Hij hoopte ten slotte van harte dat, wanneer voor de beklaagde het laatse uur zou aanbreken, hetwelk zij waarschijnlijk in gevangenschap zou doorbrengen, dat laatste uur voor haar niet te zeer zou worden belast door het vreselijke denkbeeld haar dochter in de bloei van haar leven op een afgrijselijke wijze van het leven te hebben beroofd.
Op luide toon betoonden de belangstellenden op de publieke tribune hun instemming met het requisitoir van Mr. Scholten. De president moest tot rust manen. Tijdens de zitting vielen van tijd tot tijd vrouwen in onmacht en moesten uit de zaal worden gebracht.
Tijdens de voorlezing van het vonnis door waarnemend president Mr. R. E. Oosting, wat drie kwartier in beslag nam, gaf het aanwezige publiek op fluisterende toon uiting aan haar afgrijzen en verontwaardiging over de daad van de weduwe. Een der aanwezige vrouwen verklaarde in tranen: “Ik wil nog bedelen voor mijn kinderen en zo’n mens vermoordt haar kind om geld”.

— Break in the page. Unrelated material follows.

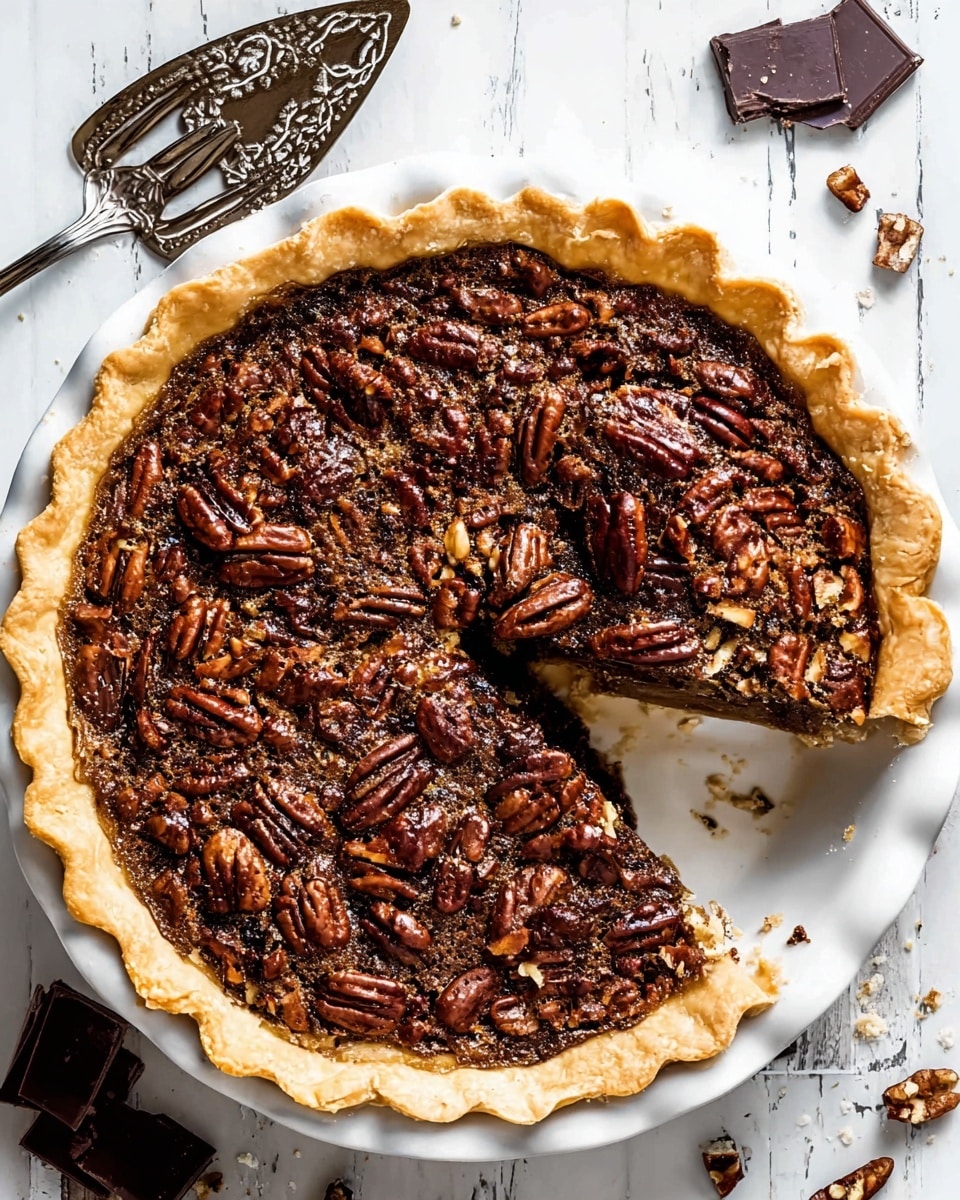 A pecan pie with a golden, flaky crust edged in a soft, wavy pattern, filled with a rich, dark brown, slightly shiny filling densely packed with whole and halved pecans on top, arranged unevenly, creating a textured surface. One slice is removed and slightly lifted, showing the thick filling inside. The pie is placed in a white pie dish resting on a white marbled surface scattered with chocolate pieces. A vintage metal pie server lies next to the pie photo taken with an iphone --ar 4:5 --v 7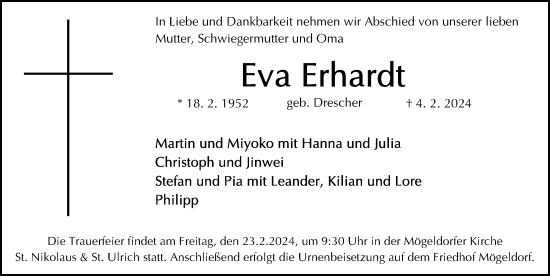 Traueranzeige von Eva Erhardt von Gesamtausgabe Nürnberger Nachrichten/ Nürnberger Ztg.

Mr. Oosting: “Ik heb de eer te nemen het volgende requisitoir: Overwegende dat wettig en overtuigend is bewezen hetgeen aan de beklaagde is ten laste gelegd, gezien artikel 289 van het wetboek van strafrecht, heb ik de eer te rekwireren dat de rechtbank de beklaagde schuldig verklare aan moord en haar deswege veroordeele tot levenslange gevangenisstraf”.
De weduwe snikte vaak luid, maar zonder tranen. De uitspraak werd vastgesteld op vrijdag 13 februari 1891. Om drie uur die middag werd de zitting gesloten. Alvorens zij werd weggeleid maakte de verdachte een buiging voor de rechters.